__Work required__: Would you transcribe only the lines from the one holding "Application Circuit Diagram" through the end of the material, exactly, without any pictures?
--- Supplied data ---
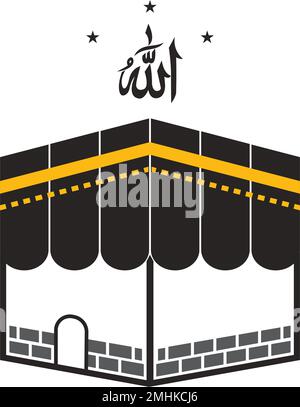 kaaba-Vektorsymbol. Das Mekka der Gottesdienste für Muslime, Logo-Design-Illustration Stock Vektor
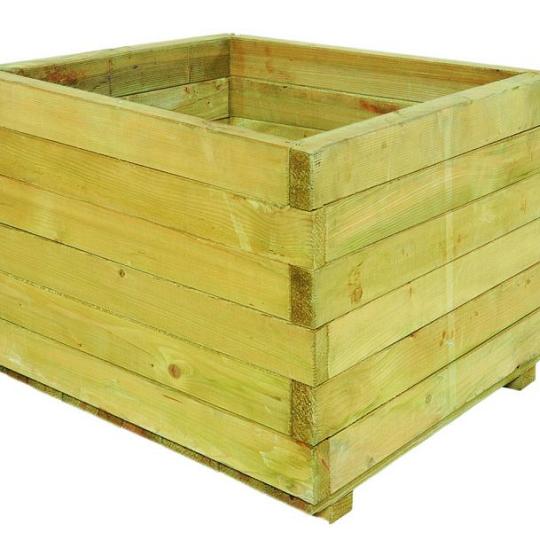 Bloembak vierkant 45 x 60 x 60 cm (HxBxD), groen geïmpregneerd.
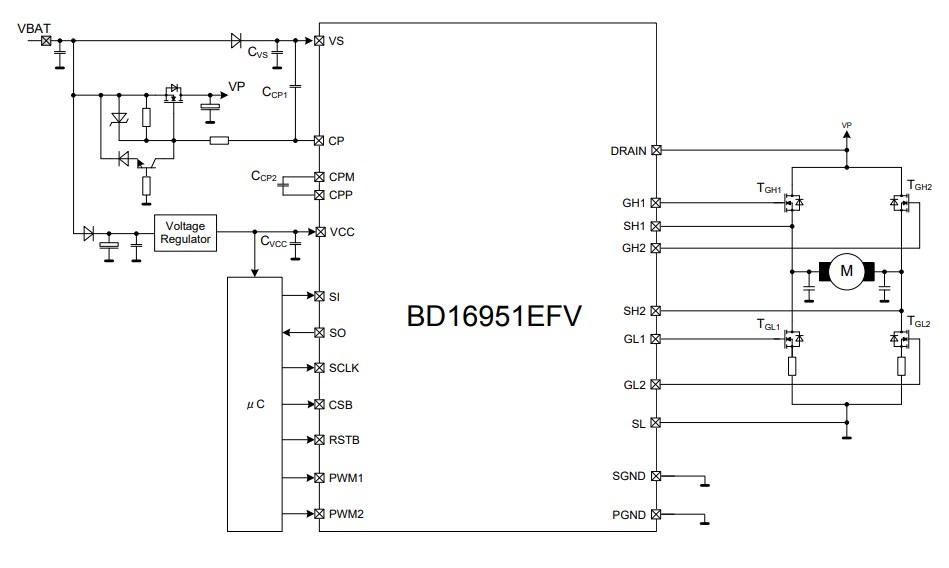 Application Circuit Diagram - ROHM Semiconductor BD16951EFV-M 2-channel Half-Bridge Gate Driver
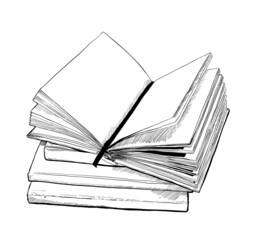 Vector hand-drawn illustration of an open book. Sketch of book. School Element. 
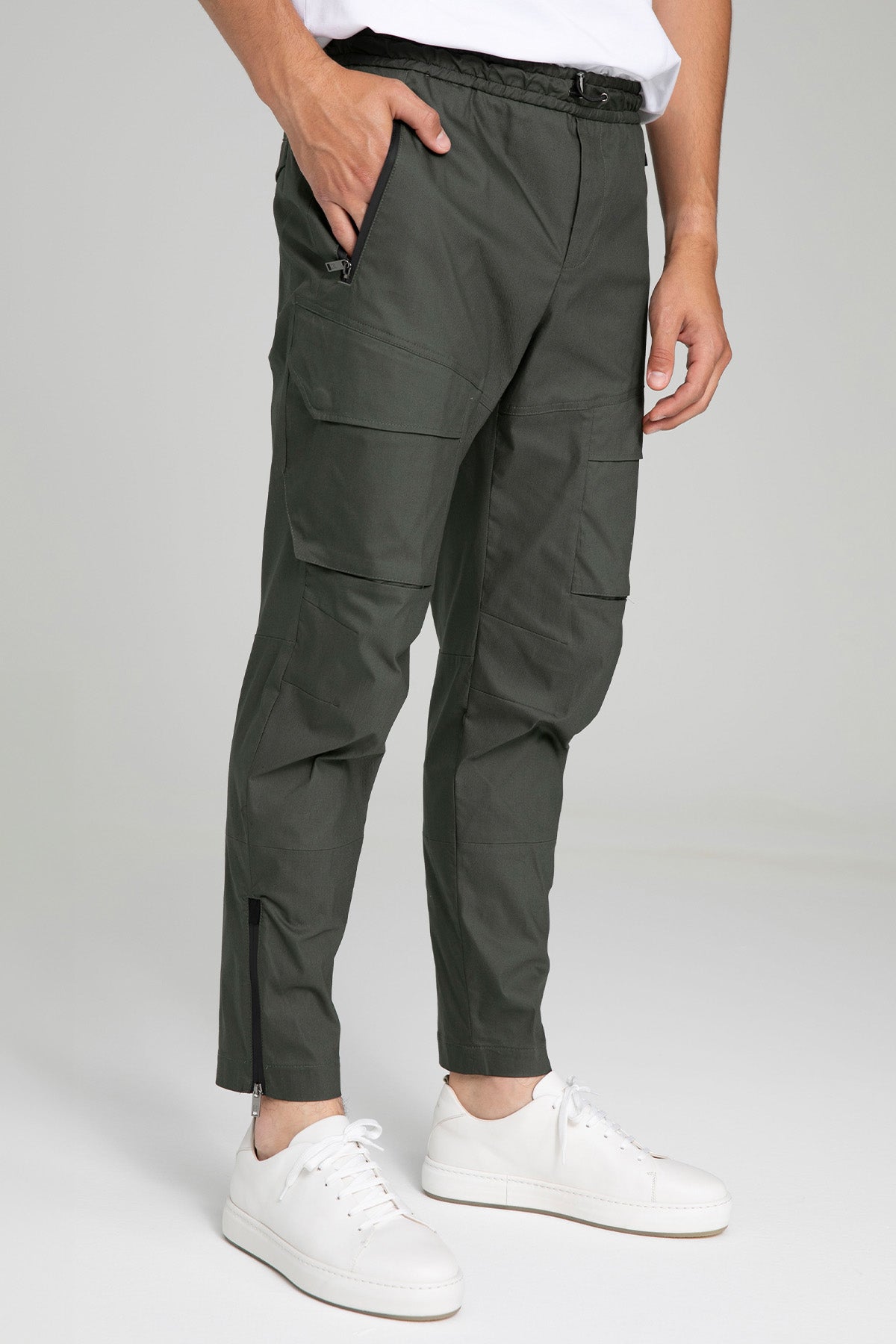 Pantaloni Torino Paçası Fermuarlı Streç Kargo Pantolon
---
__Response area__:
 Application Circuit Diagram - ROHM Semiconductor BD16951EFV-M 2-channel Half-Bridge Gate Driver
 Vector hand-drawn illustration of an open book. Sketch of book. School Element. 
 Pantaloni Torino Paçası Fermuarlı Streç Kargo Pantolon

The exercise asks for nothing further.